日本人からは正統な評価が認められなかった源太郎であるが、外国人で彼の才能の高さを早くから評価した人物がいる。


「クレメンス・ウイルヘルム・ヤコブ・メッケル少佐」


長い名前なのでここでは単に「メッケル少佐」と呼ぶ。


西南戦争で参謀将校の養成所の必要性を痛感した日本陸軍は1892年(明治15年)に東京青山に陸軍大学校を創設した。
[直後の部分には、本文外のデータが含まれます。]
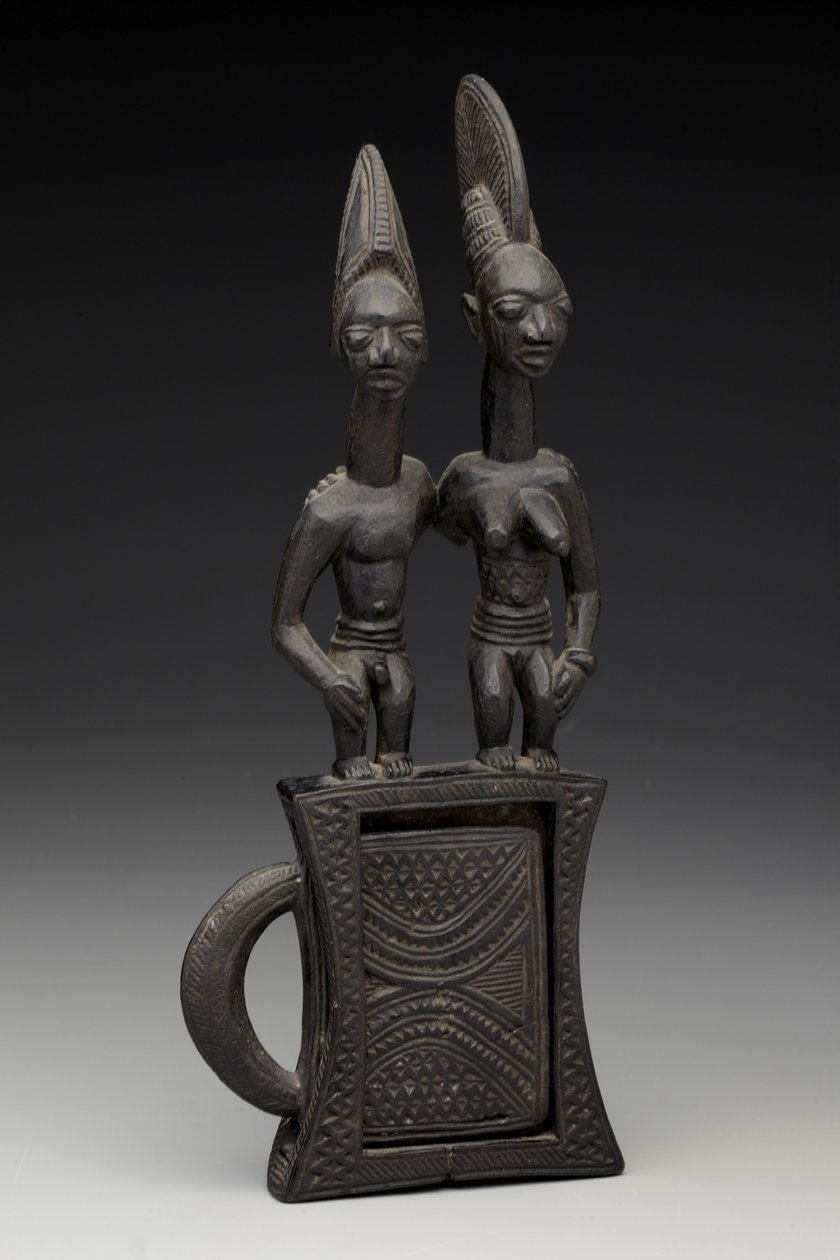 Spegelfodral, före 1938 (trä & spegel) av Olowe of Ise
最初はフランス方式を採用していた陸軍であったが、普仏戦争の結果を踏まえて桂太郎が中心となってプロイセン(ドイツ)式の軍学を採用するに至り陸軍大学校はドイツの参謀長であったモルトケに教官の派遣要請を行った。


モルトケは自分が日本に行けないので、優秀な自分の愛弟子であるケルン生まれのメッケル少佐を推薦して日本に送り込んだのであった。


流石にドイツが誇る名参謀長の推薦である。メツケル少佐は優秀でかつ厳しい教官であった。


1期生で卒業できたのは、秋山好古を含むわずか半数の10名であったからのそ厳しさがよく分かる。


 しかしメッケル少佐は厳しい反面、寛容なところがあり、彼の講義は学生だけでなく興味があるものには誰でも開放して教えたという経緯がある。


このときに大学長をしていた源太郎が学生に混じって聴講生として参加しており、メッケルに対してその都度、非常に鋭い質問をつねに浴びせたという。


この授業中の質疑応答の鋭さによって源太郎の理解度と柔軟性と才能をメッケル少佐は瞬時に見抜いたのである。


日露戦争が始まる前に源太郎が参謀本部次長に就任したことを聞いたメッケル少佐は海外の新聞記者の「もし日露が開戦したらどちらが勝つか?」

という質問に対して


「私が教えた児玉がいる以上は日本の勝ちである」

と自信たっぷりに答えたと言う。


よほど源太郎を評価していたのであろう。


またどう見ても「日本の敗北」を確信しているドイツ陸軍関係たちにも

「日本陸軍には私が育てた軍人がいる。特に児玉将軍が居る限り日本はロシアに敗れる事は無い。児玉将軍は必ず満州からロシアを駆逐するであろう」

と述べて説得したと伝えられている。


開戦が決まった日にメッケル少佐は帰国後のドイツから電報を陸軍参謀本部に送っている。